The answers to these broad questions are:
- How can we rebuild our backend infrastructure for the future? I think the answer is that we need to create the storage architecture that can hold our data, and have enough bandwidth that we can stream data onto it while serving up data to the observers. This can be done by buying a storage system off the shelf for $1M or so, or by integrating some systems ourselves using disks and CPU's we procure and combine into a system. We need to do some analysis and design on our probable future needs, assuming for instance our FPA's get funded and built. I got enough information from enough disparate sources to have a good feel for where we should be headed with our needs and our budgets.
- How can we use OTS computing for GUPPI and CICADA? GPU's, Convey Computer, Multicore AMD multiprocessor machines. Possibly use PG compilers, other vendors to help bootstrap our way forward.
- Is there anything of interest to PTCS? Obviously, all the HPC interesting for complex models. It seems like using GPU power for running models in simulation mode would be fine, but I don't think the reliability is there for control purposes yet. But the multicore multiprocessor hardware would be interesting to use for running models.
- Should be be looking at infiniband? Yes. The ability to transfer data at 20 or 40 Gb/s is looking very attractive, and the microsecond latencies are as well. It is cheaper than 10 GbE on a bits per second basis.

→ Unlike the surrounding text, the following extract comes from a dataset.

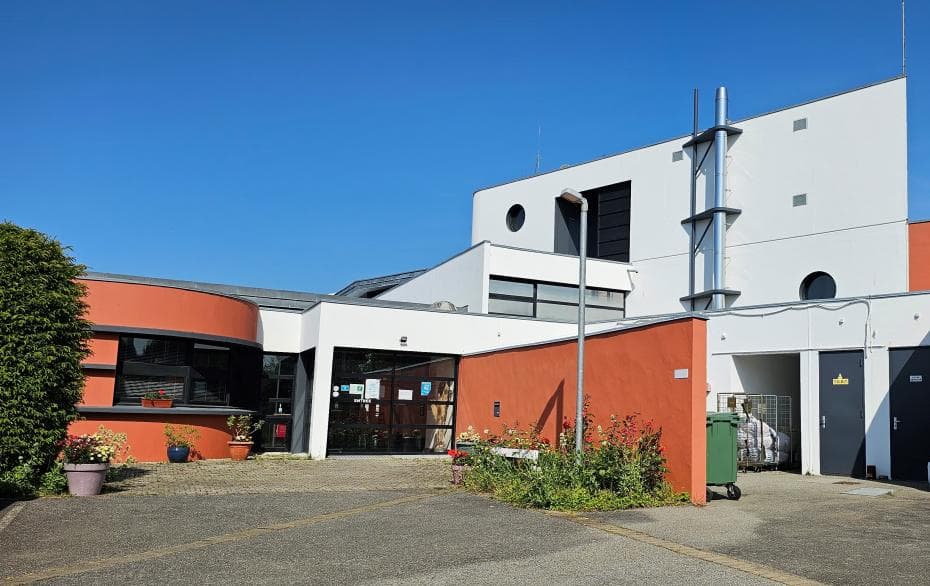 Résidence - Galerie de photos - Image 2 sur 3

Last year I went out there without much idea as to what to expect, and I got a lot of info, but at a very shallow level. This year, I went out with some very specific questions, and spend time talking to people who had implemented system about like the ones I see us needing to implement. I got some very good answers. Including honest ones from Panassas and other high-end vendors telling me that we were not playing in the same league with them.